Hallo, ich habe folgendes vor: 10 Platinen mit 5V Versorgungsspannung und ca. 0,2 bis 0,5 A jeweils werden an ein Bussystem im Abstand von 1 m gehängt (ergibt nach Adam Riese 9m Gesamtlänge). Ich würde gerne die ganzen Platinen von einem Ende des Buses mit einem einzigen Netzteil (z.B. 5V/10A) versorgen. Dazu sehe ich parallel zum eigentlichen Bus einfach noch ein paar GND und eine 5V Leitung(en) vor. Um Stromschwankungen auszugleichen habe ich mir gedacht, jeder Platine einen etwas größeren Elko zu spendieren und die Frage lautet: Wie groß sollte der sein? Danke, Klaus
Klaus schrieb: > Um Stromschwankungen auszugleichen habe ich mir gedacht, Laß den Strom doch schwanken. Eine Pufferung brauchst Du doch garnicht?
Falsche Lösung. Versorge deine Leitungen mit 9V (oder 12V) und setze auf jede Platine einen Spannungsregler (7805), der gleicht den Spannungsabfall aus. ALLERDINGS: Der Spannungsabfall auf der Masseleitung wirkt auch auf den BUS mit seiner Datenleitung. Also muss der Bus seine eigene Masse haben über die wenig Strom fliesst oder es muss ein differentieller Bus her wie RS485. Möglichst verwendet man aber gleich die 12V Leitung als einzige bidirektionale Busleitung, siehe EIB/KNX. Oder gar kein Bus sondern nur Stromversorgung und Funkkommunikation, sollte ja bei 1m kein Problem sein.
Woher kommt eigentlich der Irrglaube dass Elkos Energiequellen sind die ohmsche Verluste ausgleichen können??? Sehr erstaunlich...
MaWin schrieb: > Also muss der Bus seine eigene Masse haben > über die wenig Strom fliesst oder es muss ein differentieller Bus her > wie RS485. Ja, es ist ein RS485. Tcf K. schrieb: > Woher kommt eigentlich der Irrglaube dass Elkos Energiequellen sind die > ohmsche Verluste ausgleichen können??? > Sehr erstaunlich... Wieso denkst Du eigentlich ich will die Spannung ausgleichen? Mit 4V laufen die ICs immer noch und mehr wird da auch nicht abfallen. Es ging mir eher darum, was passiert, wenn alle ICs auf einmal irgendwas schalten und jede Platine zeitgleich 0,2A o.ä. gleichzeitig ziehen. Ich hätte jetzt nicht gedacht, dass das Schaltnetzteil das in jedem Fall schnell genug ausregelt. Wenn ich aber eure Antworten so sehe, scheint das kein Thema zu sein.
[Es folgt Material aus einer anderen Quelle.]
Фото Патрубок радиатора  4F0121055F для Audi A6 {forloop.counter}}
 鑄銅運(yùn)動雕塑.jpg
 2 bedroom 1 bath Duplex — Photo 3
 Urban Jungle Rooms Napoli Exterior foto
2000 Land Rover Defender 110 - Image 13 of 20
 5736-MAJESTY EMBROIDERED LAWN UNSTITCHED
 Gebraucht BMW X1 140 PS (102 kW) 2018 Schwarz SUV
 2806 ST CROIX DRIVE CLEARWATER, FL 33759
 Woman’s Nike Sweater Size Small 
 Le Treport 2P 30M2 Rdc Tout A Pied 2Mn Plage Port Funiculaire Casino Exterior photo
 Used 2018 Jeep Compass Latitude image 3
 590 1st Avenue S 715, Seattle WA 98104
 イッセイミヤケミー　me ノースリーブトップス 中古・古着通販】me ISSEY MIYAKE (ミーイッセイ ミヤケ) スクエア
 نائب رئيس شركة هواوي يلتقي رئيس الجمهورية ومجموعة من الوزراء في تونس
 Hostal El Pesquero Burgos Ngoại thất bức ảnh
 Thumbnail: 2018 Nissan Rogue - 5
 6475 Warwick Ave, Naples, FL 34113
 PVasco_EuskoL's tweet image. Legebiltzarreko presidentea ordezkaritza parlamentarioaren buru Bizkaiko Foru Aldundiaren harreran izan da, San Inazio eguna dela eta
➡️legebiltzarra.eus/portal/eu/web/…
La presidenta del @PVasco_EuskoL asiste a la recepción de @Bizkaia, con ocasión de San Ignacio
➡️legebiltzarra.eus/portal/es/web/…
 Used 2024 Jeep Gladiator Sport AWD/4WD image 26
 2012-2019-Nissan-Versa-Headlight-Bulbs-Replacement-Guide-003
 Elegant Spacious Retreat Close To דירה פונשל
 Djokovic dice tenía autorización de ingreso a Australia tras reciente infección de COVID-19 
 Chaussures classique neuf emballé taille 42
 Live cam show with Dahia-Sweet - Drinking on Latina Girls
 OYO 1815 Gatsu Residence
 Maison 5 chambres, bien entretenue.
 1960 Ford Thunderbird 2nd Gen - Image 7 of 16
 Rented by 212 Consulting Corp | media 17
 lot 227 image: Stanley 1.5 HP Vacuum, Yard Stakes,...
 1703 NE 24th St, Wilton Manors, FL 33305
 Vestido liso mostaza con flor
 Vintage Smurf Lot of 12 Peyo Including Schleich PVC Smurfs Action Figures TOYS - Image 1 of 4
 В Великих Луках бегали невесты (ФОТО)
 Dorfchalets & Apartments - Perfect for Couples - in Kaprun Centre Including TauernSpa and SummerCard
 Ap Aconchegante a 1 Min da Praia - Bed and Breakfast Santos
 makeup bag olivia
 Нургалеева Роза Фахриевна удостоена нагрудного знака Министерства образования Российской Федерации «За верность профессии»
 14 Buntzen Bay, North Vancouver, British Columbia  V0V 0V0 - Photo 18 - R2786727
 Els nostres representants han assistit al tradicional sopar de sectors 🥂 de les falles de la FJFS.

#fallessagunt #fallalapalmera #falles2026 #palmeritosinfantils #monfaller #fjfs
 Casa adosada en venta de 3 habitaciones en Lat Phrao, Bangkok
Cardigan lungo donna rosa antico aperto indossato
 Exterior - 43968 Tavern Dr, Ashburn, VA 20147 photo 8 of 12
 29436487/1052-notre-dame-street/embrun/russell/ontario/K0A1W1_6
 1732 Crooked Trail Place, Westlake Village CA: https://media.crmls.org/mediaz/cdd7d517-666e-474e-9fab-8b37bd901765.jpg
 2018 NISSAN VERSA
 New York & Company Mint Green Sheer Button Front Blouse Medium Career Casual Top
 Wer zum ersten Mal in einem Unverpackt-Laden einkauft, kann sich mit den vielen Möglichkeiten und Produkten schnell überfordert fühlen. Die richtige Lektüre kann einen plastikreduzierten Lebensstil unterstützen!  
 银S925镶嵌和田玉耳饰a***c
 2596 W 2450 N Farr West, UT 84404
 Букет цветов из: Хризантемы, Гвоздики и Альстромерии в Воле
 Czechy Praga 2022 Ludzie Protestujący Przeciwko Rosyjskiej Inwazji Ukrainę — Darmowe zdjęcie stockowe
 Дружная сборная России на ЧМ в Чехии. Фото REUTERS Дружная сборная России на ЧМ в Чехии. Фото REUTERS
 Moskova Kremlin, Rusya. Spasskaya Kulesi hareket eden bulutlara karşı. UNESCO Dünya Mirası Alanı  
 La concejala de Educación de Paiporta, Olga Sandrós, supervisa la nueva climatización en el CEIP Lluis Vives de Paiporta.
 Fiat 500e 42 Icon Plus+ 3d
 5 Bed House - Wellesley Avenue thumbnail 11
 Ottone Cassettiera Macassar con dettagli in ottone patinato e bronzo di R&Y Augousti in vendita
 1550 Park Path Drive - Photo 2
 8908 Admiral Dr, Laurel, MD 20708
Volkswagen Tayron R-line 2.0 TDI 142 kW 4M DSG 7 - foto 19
Das Schaltnetzteil schon, aber R*I-Verluste und den damit verbundenen Ground-Bounce kannst Du damit nicht verhindern -- ich hoffe die RS485-Interfaces sind auf der Platine galvanisch getrennt (über Optokoppler und DC/DC-Wandler), sonst könnte eben dieser Ground-Bounce für Ärger sorgen. Was Du mit Puffer- oder Blockkondensatoren vermeiden kannst sind di/dt*L-Spannungssprünge auf den Versorgungsleitungen. Dafür kannst und solltest Du sie einsetzen.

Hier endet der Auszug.